What to work on:
Every line of the records below that holds the word "York" should be copied out.

Brief descriptive captions:
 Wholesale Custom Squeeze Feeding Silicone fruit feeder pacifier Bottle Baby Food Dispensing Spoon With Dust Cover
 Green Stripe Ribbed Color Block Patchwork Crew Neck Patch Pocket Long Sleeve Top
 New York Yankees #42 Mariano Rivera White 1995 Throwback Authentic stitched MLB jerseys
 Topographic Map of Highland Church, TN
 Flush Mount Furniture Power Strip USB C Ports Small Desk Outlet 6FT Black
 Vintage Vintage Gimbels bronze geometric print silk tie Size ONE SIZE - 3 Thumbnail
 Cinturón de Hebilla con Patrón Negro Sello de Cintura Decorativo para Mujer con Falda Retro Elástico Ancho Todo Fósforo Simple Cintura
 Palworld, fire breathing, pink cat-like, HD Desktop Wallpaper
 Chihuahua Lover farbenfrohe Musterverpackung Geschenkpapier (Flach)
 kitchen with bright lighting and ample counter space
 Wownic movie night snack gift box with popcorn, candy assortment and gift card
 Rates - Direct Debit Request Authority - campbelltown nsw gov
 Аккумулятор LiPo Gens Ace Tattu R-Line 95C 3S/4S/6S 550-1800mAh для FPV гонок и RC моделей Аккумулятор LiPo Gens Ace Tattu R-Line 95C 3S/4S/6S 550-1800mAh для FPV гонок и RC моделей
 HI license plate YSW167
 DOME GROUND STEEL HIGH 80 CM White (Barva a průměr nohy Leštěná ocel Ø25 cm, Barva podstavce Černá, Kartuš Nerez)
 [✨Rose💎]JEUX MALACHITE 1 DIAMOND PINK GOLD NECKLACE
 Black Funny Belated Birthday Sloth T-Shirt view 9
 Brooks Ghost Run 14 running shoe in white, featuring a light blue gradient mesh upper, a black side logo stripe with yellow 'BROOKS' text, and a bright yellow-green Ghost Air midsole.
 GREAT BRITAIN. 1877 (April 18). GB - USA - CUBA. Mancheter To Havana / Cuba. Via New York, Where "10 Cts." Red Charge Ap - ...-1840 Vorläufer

Response area:
 New York Yankees #42 Mariano Rivera White 1995 Throwback Authentic stitched MLB jerseys
 GREAT BRITAIN. 1877 (April 18). GB - USA - CUBA. Mancheter To Havana / Cuba. Via New York, Where "10 Cts." Red Charge Ap - ...-1840 Vorläufer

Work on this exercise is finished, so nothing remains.